After using hot code loading in production for the last 5 years, I don't see why you wouldn't use it, when it's right there. Maybe it's less thought to do a rolling restart, but it's a lot more effort expended by everything in the system to rebuild all the state that was in your processes.

A behavior is simply a list of functions you've declared that your module will export -- and a convention on what they might do. gen_server.erl is going to make lots of callbacks into your code, and rather than pass a huge list of funs, instead we pass the module name, and gen_server calls the exported functions from that module (this style means all the callbacks will hit your new code if you hot load, without you doing anything special; processing type changes is up to you, of course)

I know how aeson works, but the details of how it parses text into a HashMap that you can extract fields from into a data structure is somewhat besides the point, but I'll grant you the point that there are static solutions for message passing, sure.

It seems odd to me that they would include a unique feature like live-updating if it shouldn't be used.

I grant that live-updates and gen_servers may be anti-patterns, but my assumption was to consider the effects of static types on OTP and these are part of it.

If you identify some subset of erlang+OTP that is easier in some ways, great, I'm all for it.

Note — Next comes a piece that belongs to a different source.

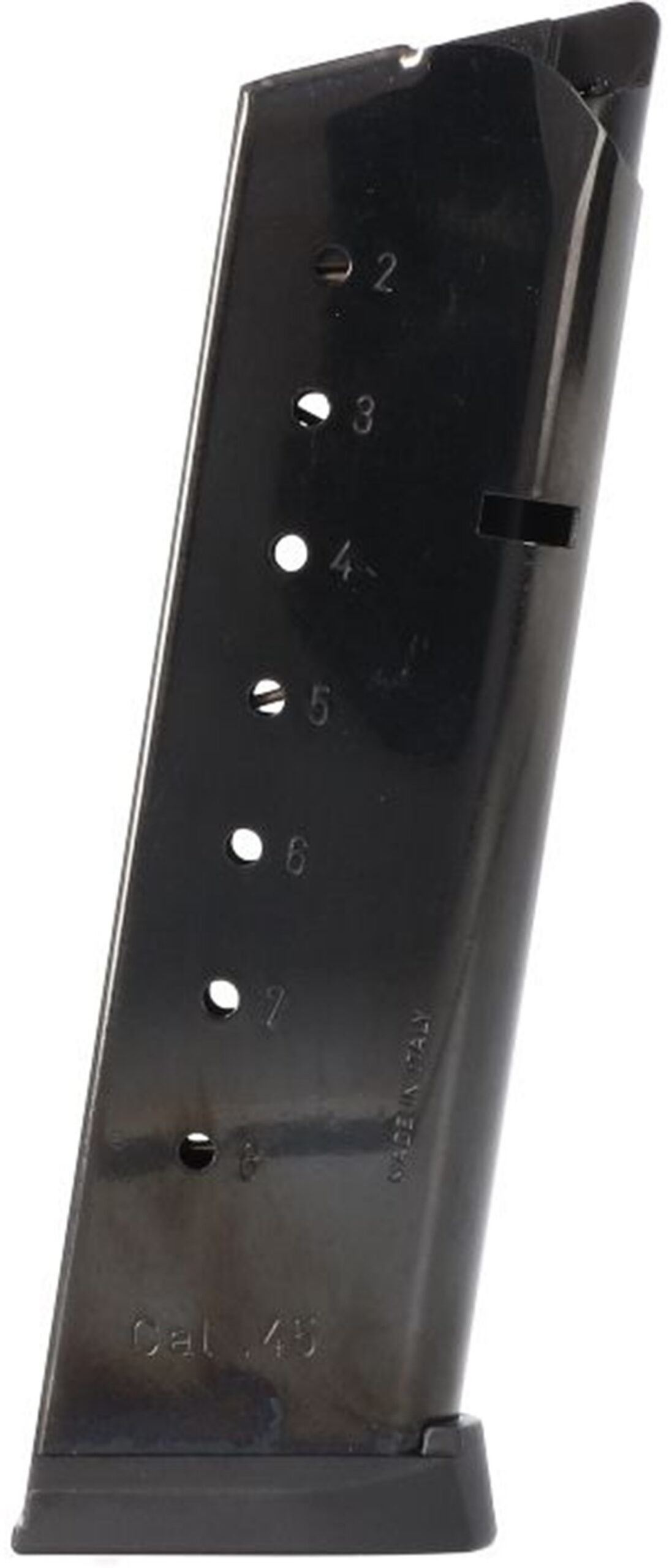 798681701377.jpg SIG MAG 1911X 45AP 8RD BLK - Image 1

I am just pointing out some complexities without making assumptions about what should be included or discarded. ( I do not know what erlang shops do in the small or in the large).

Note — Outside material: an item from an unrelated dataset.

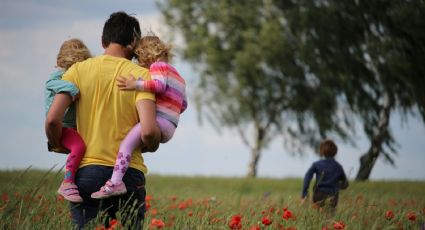 Celebra el Día del Niño en la CDMX con estas actividades para disfrutar en familia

Perhaps what we want then is static types for "OTP-Lite"

I think even live-updating could be statically typed. Basically the live-update is a collection of functions that map every data type in the old process into the corresponding type in the new process. In the dynamically-typed case, these functions are just the identity. In the statically-typed case, if the new type has a new attribute, your mapping function has to define a reasonable default value. If you can't do that, your dynamic live-update would have gone badly anyway.
The main problem with pushing a typechecked live-upgrade in one shot is that you'll need to put a big lock around the distributed system (A non-upgraded node messaging an upgraded one would be fine, because the upgraded one knows the conversion function, but what happens in reverse scenario?)

It could be done without a big lock by splitting into three steps:

1) Push an upgrade that changes the types and adds the conversion functions. The valid type is the union of the old type and the new type. Wait until all nodes complete the upgrade.

2) Push an upgrade that instructs the nodes to convert their data and start using the new types by default. Wait until all nodes complete the upgrade.

3) Push an upgrade that removes the old types and conversion functions.

Why is this a limitation only of type-checked functions?

The problem is whether the function can or cannot handle the content of the new message and that's completely orthogonal

The difference is that attempting to add code to a live system that mishandled an input (either from a non-upgraded node or an upgraded one) would result in a type-error and reject the upgrade.

You could still use Erlang's crashing and supervisor technique, but you would have the additional benefit of using static typing across a distributed system (where each node may or may not have received the upgrade yet).